On Sunday August 23, 1942, the Archbishop of Toulouse, Jules Géraud Saliège, had a letter of protest read in most of the churches in his diocese to denounce the treatment reserved for Jews under the Vichy regime.
While the 80th anniversary of the Vélodrome d'Hiver roundup will be celebrated on Saturday July 16, the chief rabbi of France, Haïm Korsia, asked that this letter be read in the synagogues of France.
“There is a Christian morality, there is a human morality which imposes duties and recognizes rights. These duties and these rights are due to the nature of man. They come from God. We can violate them. It is not in the power of any mortal to suppress them”, wrote the archbishop in this letter.
Unfortunately the fight against racism and anti-Semitism is still topical. 80 years after the Vel d'Hiv roundup, although the situation is incomparable with that of the Vichy regime, crimes and offenses of a racist, xenophobic or anti-religious nature reported to the police increased by 13% in 2021 by compared to 2019.
To combat this phenomenon, the government announced on Tuesday that it would pay 400.000 euros each year for three years to the International League against Racism and Anti-Semitism (Licra), in return for its actions in the fight against racism.
In France, these problems are addressed as shown by the previous news, unfortunately in other countries of the world religious freedom is far from being acquired and believers, including Christians, suffer persecution because of their faith. .
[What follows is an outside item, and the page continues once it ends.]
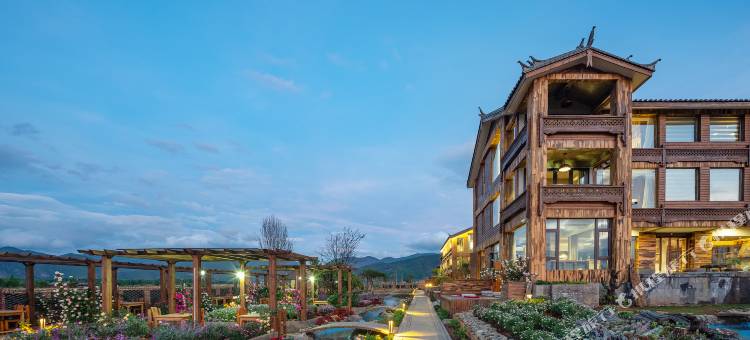 糊涂窝湖景度假酒店(泸沽湖亲爱的客栈)图片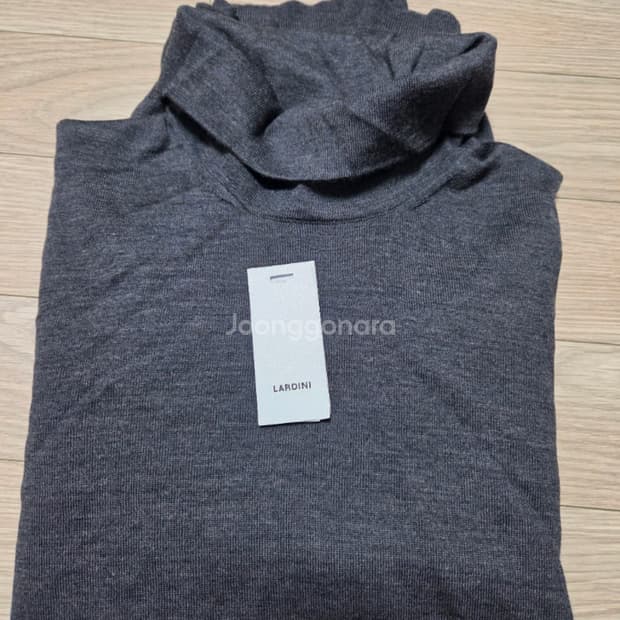 Lardini 라르디니 터틀넥 (100% wool) 새제품 Size 50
Bader el Dean Haroon Abdel Jabaar, his brother Mohammad Haroon Abdel Jabaar, Tariq Adam Abdalla and Morthada Ismail, were arrested by the police on June 28 while they were at the Baptist Church in Zalingei, western Sudan in Darfur.
The four men are former Muslim converts to Christianity. They were charged with apostasy under article 126 of the Sudanese penal code of 1991, which was repealed in 2020 following the overthrow of the dictatorship of Omar al-Bashir.
And finally, in Myanmar, the state of Chin, which is mainly Christian, continues to be targeted by attacks from the military junta. An airstrike recently left two dead.
This incident comes less than a month after the country's bishops called on the Myanmar military to respect human life and end the violence. On June 11, the Bishops of Myanmar notably recalled that “human dignity and the right to life can never be compromised”.